Depuis Truismes, le roman qui l’a propulsée d’une façon aussi fulgurante qu’inattendue dans la littérature française, les ouvres de Marie Darrieussecq s’articulent autour d’une disparition, d’une métamorphose inexpliquées, d’un mystère. Avec son troisième roman, la jeune auteure donne dans la litote et l’indicible.

L’argument de Mal de mer est d’une simplicité confondante – et trompeuse: une jeune femme va chercher sa fille chez sa grand-mère, comme elle le fait toujours après son boulot. Mais ce jour-là, la mère est habillée d’une robe soleil différente, a quelque chose d’inconnu dans le corps: elle enlève la petite, l’entraîne dans une station balnéaire, près de la frontière espagnole. En attendant qu’un détective embauché par le père ne les rattrape, le duo s’y établit, vit dans une «inconscience solaire», tout empli par l’univers marin, ce qui sera un bref intermède en forme de passage.

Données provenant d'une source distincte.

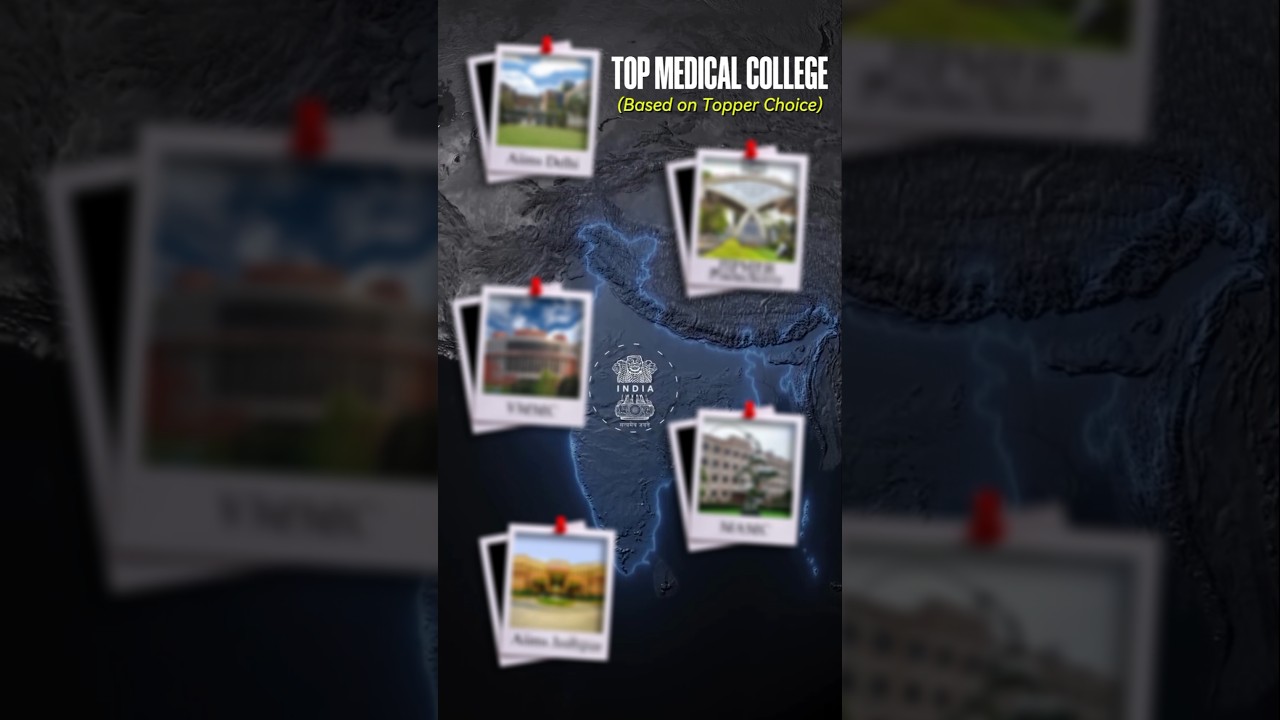 Top 5 Medical colleges which toppers choose 🔥‼️ #neet #aiims #mamc #vmmc #aiimsdelhi #mbbs #vaibhav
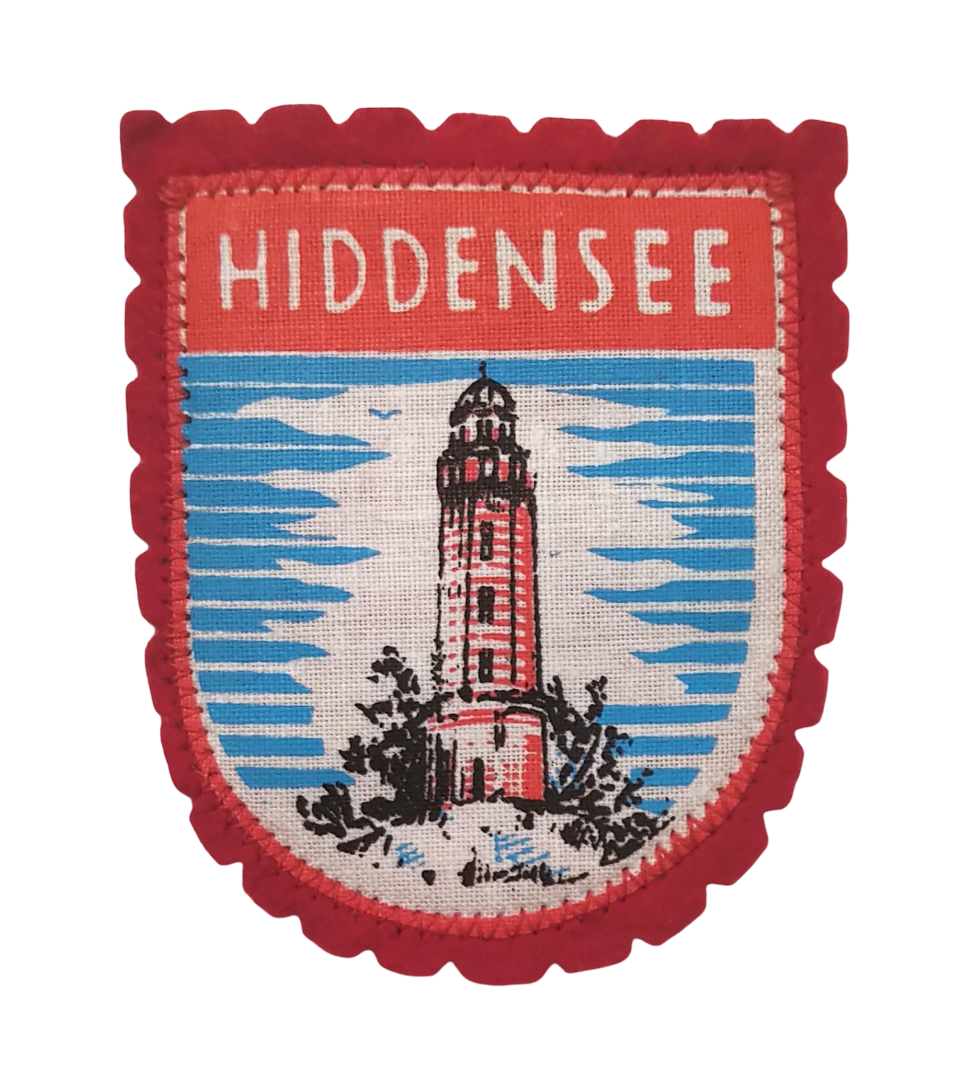 DDR Aufnäher Hiddensee Mecklenburg Leuchtturm patch DDR Aufnäher Hiddensee Mecklenburg Leuchtturm patch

Outre une histoire de mère en fuite, le roman raconte surtout la mer – sans e. Traitée comme une entité vivante, elle aspire tout, avale tout, cette grande bouche «qui fend l’espace en deux». L’océan donne sa pulsation au livre, définit le temps, remplit l’espace. Devant ce personnage en constante mouvance, les figures humaines, elles, restent généralement anonymes, leur mystère, intact, à peine effleuré. Les «pourquoi» que pourrait susciter l’intrigue sont délibérément laissés de côté, les émotions, dépouillées jusqu’à l’aridité.

L’attention de l’auteure se porte surtout sur le panorama sans cesse renouvelé de l’eau, sur sa faune, ses phénomènes, ses métamorphoses. Les taches de couleur, la lumière qui joue sur les corps et détermine leur densité: avec un style magnifique, et d’une grande pureté, Darrieussecq manie des descriptions d’une telle précision qu’elles donnent naissance à des images singulières, éloquentes, où le familier devient vaguement étrange.

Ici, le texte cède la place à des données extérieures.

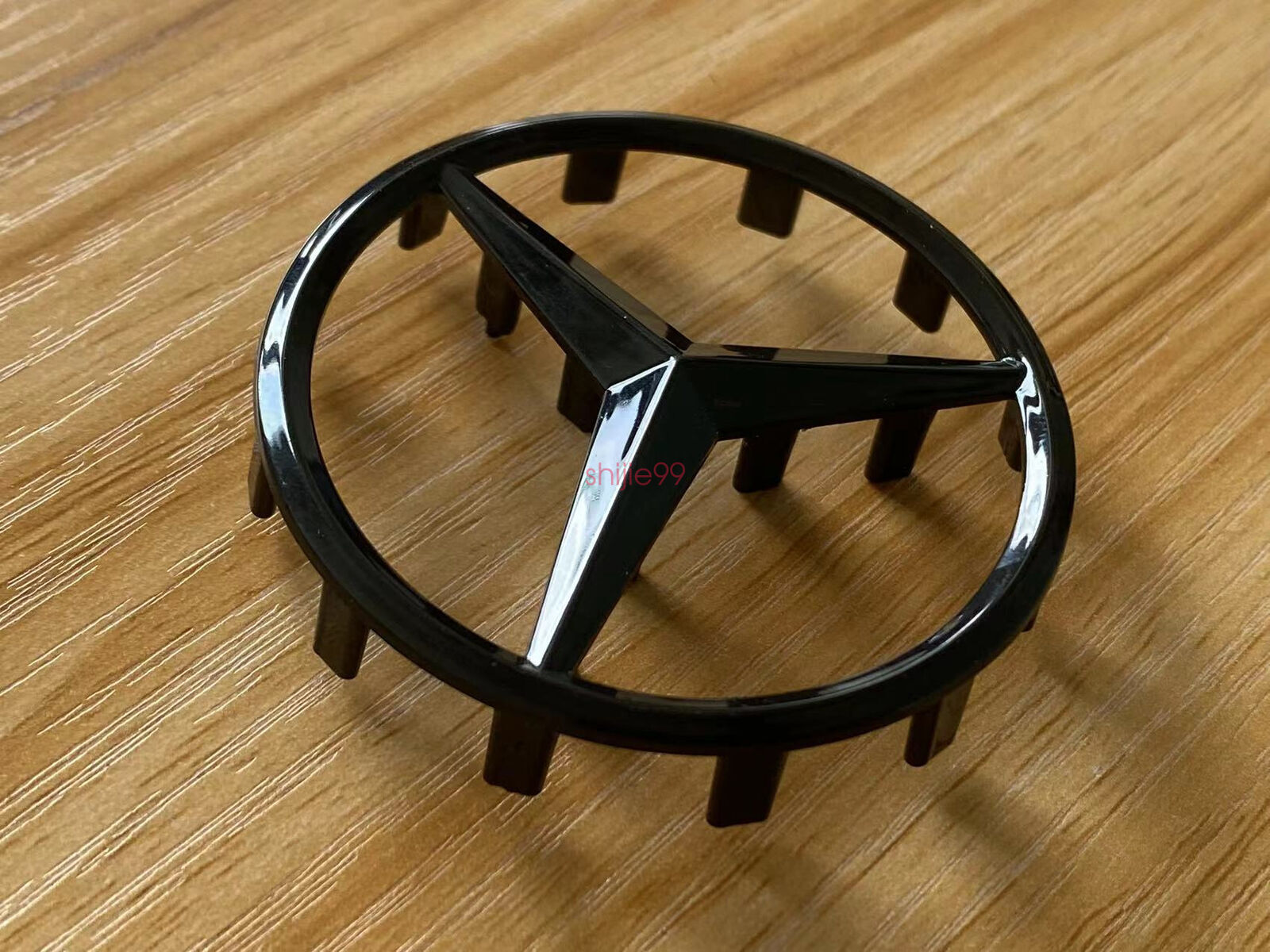 NEW FOR Mercedes-Benz ML GL w/ Pins Glossy Black Star Emblem Badge 57mm AMG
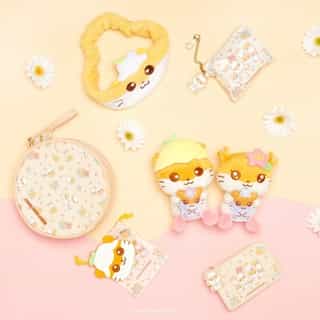 Corocorokuririn? More like Corocoro-cutie! 🐹 💛 Shop our collection featuring this curious golden hamster. Link in bio!
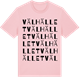 Pink Cotton t-shirt med Välhället ordlek t-shirt
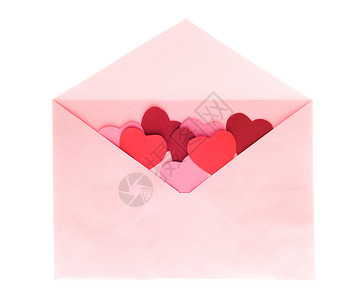 带有红心信封的信封 展示 周年纪念日 浪漫的 插图 假期图片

La narration, fluide comme une algue transportée en douceur au gré des courants, privilégie tour à tour le point de vue des personnages. La mère, la petite, la grand-mère, et le détective lancé à leur recherche, deux hommes chez qui la jeune femme éveillera de l’intérêt ou de la curiosité.

Ayant troqué l’ironie de Truismes pour une sorte de langueur minutieuse, Marie Darrieussecq joue ses cartes sans surprises, mais avec une maîtrise remarquable. Éd. P.O.L, 1999, 126 p.